Indeed, this method of maintaining and conciliating in curation acts as insurance for the dwindling foot traffic in gallery spaces incurred by social media. People buy, experience, and “like” art works online because it is convenient; attending an opening or considering a work in an alternative gallery space is not. Yet there remains some economic value in putting forth massive shows of well tested, and digestible, blue chip artists.

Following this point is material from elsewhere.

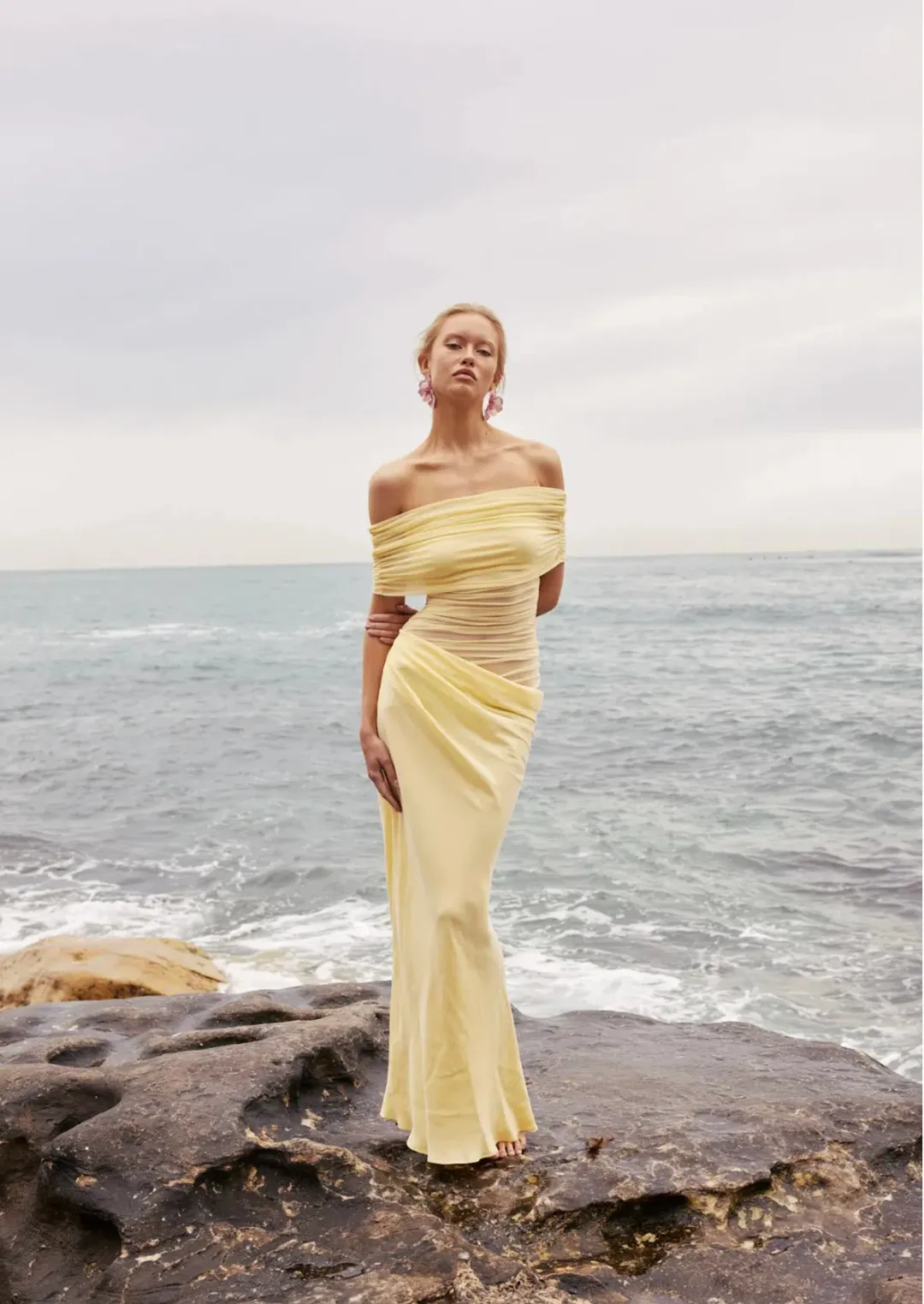 Benni Nico off Shoulder Maxi Dress in Butter Size AU 10 for rent on The Volte - main image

This “blockbuster” tactic is familiar to both local and national institutions, whereby gallerists and curators may absolve physical and economic inactivity by exhibiting comprehensive bodies of work from big name artists. A most recent example of this was the huge Irving Penn: Beyond Beauty retrospective at the Frist Center for the Visual Arts in Nashville, and similarly, Irving Penn: Centennial, at the Metropolitan Museum of Art, New York, both which opened earlier this year, and whose duality underlines the reliance on such shows.
A “blockbuster” exhibition, particularly one which celebrates a historically revered and deceased artist, is an example of curating and exhibiting that implicitly functions as a safeguard for public approval. It acts upon the standards of aesthetic sublime that art history imbues these works with, a public’s consternation for nostalgia, and the exclusivity of the archive to evoke timeless meaning. But what about new artists? “Untested” art market works, yet to be discovered?
Certainly, the potential issue with this “accessible” methodology is that this type of exhibition is a limiting mechanism for public discourse – it does not facilitate contemporary art-viewing or present timely issues other than as a relative comparison.
While this type of curation does promote art patrons and an engaged community— and is arguably necessary for a smaller galleries to survive— it stagnates up-and-coming artists from reaching marketable potential and new art patrons from participating in the discovery of new artists.